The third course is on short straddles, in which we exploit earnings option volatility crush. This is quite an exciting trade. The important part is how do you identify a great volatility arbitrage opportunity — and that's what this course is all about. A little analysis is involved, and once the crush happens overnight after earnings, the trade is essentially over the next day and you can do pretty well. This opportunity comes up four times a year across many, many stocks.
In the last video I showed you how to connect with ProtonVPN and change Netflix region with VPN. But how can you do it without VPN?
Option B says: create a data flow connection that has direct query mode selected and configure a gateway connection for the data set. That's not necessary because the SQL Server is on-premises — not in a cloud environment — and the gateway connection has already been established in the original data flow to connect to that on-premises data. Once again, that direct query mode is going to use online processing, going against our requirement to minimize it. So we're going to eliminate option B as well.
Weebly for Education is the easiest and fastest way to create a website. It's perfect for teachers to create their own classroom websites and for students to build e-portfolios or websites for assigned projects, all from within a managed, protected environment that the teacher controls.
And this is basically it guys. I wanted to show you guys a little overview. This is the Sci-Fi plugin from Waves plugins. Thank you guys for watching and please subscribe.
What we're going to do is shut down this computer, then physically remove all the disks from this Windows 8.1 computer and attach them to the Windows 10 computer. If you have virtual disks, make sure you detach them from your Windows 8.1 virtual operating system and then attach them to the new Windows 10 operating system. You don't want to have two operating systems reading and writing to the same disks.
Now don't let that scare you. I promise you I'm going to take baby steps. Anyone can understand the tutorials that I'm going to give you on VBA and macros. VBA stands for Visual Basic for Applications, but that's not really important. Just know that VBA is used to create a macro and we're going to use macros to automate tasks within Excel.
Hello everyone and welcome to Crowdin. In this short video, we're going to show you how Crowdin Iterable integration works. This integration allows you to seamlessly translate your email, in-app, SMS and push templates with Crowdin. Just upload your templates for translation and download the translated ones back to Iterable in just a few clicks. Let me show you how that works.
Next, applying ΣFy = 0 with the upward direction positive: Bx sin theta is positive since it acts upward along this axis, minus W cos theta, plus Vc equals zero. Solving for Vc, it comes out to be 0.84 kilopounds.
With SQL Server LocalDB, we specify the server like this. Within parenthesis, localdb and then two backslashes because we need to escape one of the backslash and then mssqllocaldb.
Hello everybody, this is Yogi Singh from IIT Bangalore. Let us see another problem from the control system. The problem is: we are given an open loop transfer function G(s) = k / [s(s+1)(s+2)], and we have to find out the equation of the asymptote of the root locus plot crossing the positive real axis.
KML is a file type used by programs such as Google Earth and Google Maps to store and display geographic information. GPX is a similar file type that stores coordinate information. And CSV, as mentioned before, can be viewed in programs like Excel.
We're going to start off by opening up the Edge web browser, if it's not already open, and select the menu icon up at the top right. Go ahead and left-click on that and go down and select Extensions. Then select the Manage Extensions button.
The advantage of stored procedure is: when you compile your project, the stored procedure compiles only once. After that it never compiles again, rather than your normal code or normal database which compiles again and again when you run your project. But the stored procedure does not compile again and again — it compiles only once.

════════════════

▶ WHAT IS BEING ASKED
Copy each line of the preceding data that contains the string "your".

▶ RESULT FOR THIS TASK
What we're going to do is shut down this computer, then physically remove all the disks from this Windows 8.1 computer and attach them to the Windows 10 computer. If you have virtual disks, make sure you detach them from your Windows 8.1 virtual operating system and then attach them to the new Windows 10 operating system. You don't want to have two operating systems reading and writing to the same disks.
Hello everyone and welcome to Crowdin. In this short video, we're going to show you how Crowdin Iterable integration works. This integration allows you to seamlessly translate your email, in-app, SMS and push templates with Crowdin. Just upload your templates for translation and download the translated ones back to Iterable in just a few clicks. Let me show you how that works.
The advantage of stored procedure is: when you compile your project, the stored procedure compiles only once. After that it never compiles again, rather than your normal code or normal database which compiles again and again when you run your project. But the stored procedure does not compile again and again — it compiles only once.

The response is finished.